Le président de la CVR a fait remarquer que beaucoup de gens ont été jetées dans les rivières, dans le parc de la Ruvubu, et que d’autres ont été dévorés par des bêtes sauvages. Une particularité a été observée à Gasura en commune Vumbi : la CVR a découvert une fosse constituée de plusieurs trous et dans chaque trou se trouvait une crâne. La CVR s’est posée la question de savoir où se trouvaient les autres parties des corps. Pour la CVR, c’est un signe qu’avant de jeter les victimes dans ces fosses communes, les bourreaux avaient d’abord dépecé leurs victimes, une preuve de cruauté des tueries de 1972-1973.

Selon le président de la CVR, les personnes à tuer étaient choisies parmi les Bahutu dont des fonctionnaires et des commerçants. Les tutsi qui tentaient de protéger leurs compatriotes Bahutu étaient torturés ou tués, il en était de même pour les tutsi en conflit avec l’une ou l’autre personnalité influente du régime. Selon toujours le président de la CVR Pierre Claver Ndayicariye, ces tueries étaient organisées par les autorités administratives et militaires de l’époque. Les gens à tuer étaient considérés comme des traîtres (abamenja), des rebelles ayant voulu renverser le pouvoir, des sorciers (abarozi), des gens qui ne payent pas l’ impôt ou encore de petits animaux « muleles ».

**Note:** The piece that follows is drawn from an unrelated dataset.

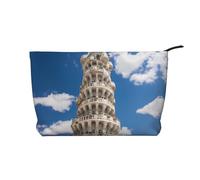 WBQLSL Leaning Tower of Pisa Printed corduroy cosmetic bag - travel essential cosmetic storage bag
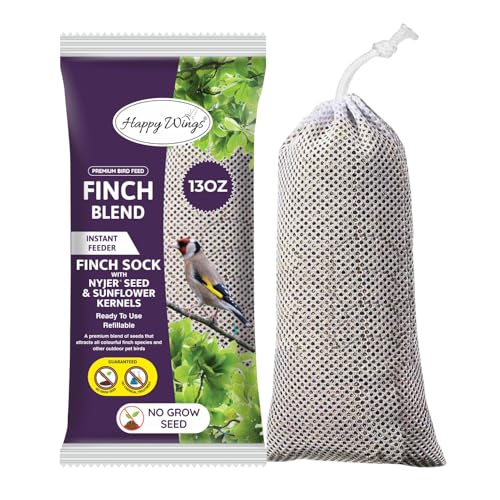 Happy Wings Finch Blend Bird Food, Mix of Sunflower Hearts/Kernels and Nyjer Seed Wild Bird Food-13 Ounce | Prefilled Sock | No Grow Seed I Bird Seeds for Wild Birds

Le pouvoir du président Michel Micombero trouvait tout une gamme de motifs pour exterminer ces Bahutu de cette époque. Des femmes à la recherche de leurs maris ont été tuées, fait remarquer Pierre Claver Ndayicariye. Comme preuve de cette triste réalité, les travaux d’excavation des fosses communes ont montré des objets de beauté propres au femmes notamment les perles et autres. « Les parents des victimes n’ont pas été autorisés à pleurer la disparitions des leurs ni à faire le deuil », a ajouté le président de la CVR.

Le président de la CVR a souligné par ailleurs que le travail de la commission est de rechercher la vérité en vue d’une réconciliation effective entre les burundais. Pierre Claver Ndayicariye s’inscrit en faut contre la victimisation et la criminalisation globales. Pour lui, en droit pénal, chacun est responsable de ses actes. Il invite les quelques auteurs de ces tueries qui seraient encore en vie de prendre le chemin de la repentance, reconnaître les faits et accepter de demander pardon. Ce serait pour eux aussi une façon de se libérer.

Dans son message, le Vice-président de la République Prosper Bazombanza, a félicité et encouragé la CVR pour son travail louable de recherche de la vérité sur ces événements malheureux de 1972. Prosper Bazombanza a également remercié tous les citoyens qui ont volontairement accepté de donner leurs témoignages sur ce qu’ils ont vu et vécu. « Ils ont énormément contribué à la connaissance de la vérité », a précisé Prosper Bazombanza.

Le Vice-président de la République Prosper Bazombanza a insisté sur le fait que ces tueries ne doivent pas être imputées à une ethnie. Ces actes barbares ne sont imputables qu’à leurs auteurs. Il n’y a pas une ethnie qui se soit levée un jour pour aller exterminer une autre. « Ce n’est pas une ethnie qui tue, c’est plutôt une mauvaise gouvernance qui tue, a dit le Vice-président de la République. « Personne ne doit donc se sentir coupable ou être traité ainsi pour des actes commis par ses parents, les grands parents ou les gens de son ethnie », a martelé le Vice Président de la République Prosper Bazombanza.

A cette occasion, le Vice-président de la République a demandé à la CVR de travailler sur les autres événements qui ont endeuillé le pays, pour que la vérité éclate au grand jour, notamment sur ce qui s’est passé en 1988 et en 1993.

Pour le Vice-président de la République, après avoir travaillé sur tous les événements jusqu’en 1993, une cérémonie de levée de deuil définitive de toutes ces victimes pourrait être organisée au niveau national. Cela permettrait aux burundais de tourner cette page sombre de leur histoire pour entrer dans une ère nouvelle, celle d’un Burundi paisible et prospère.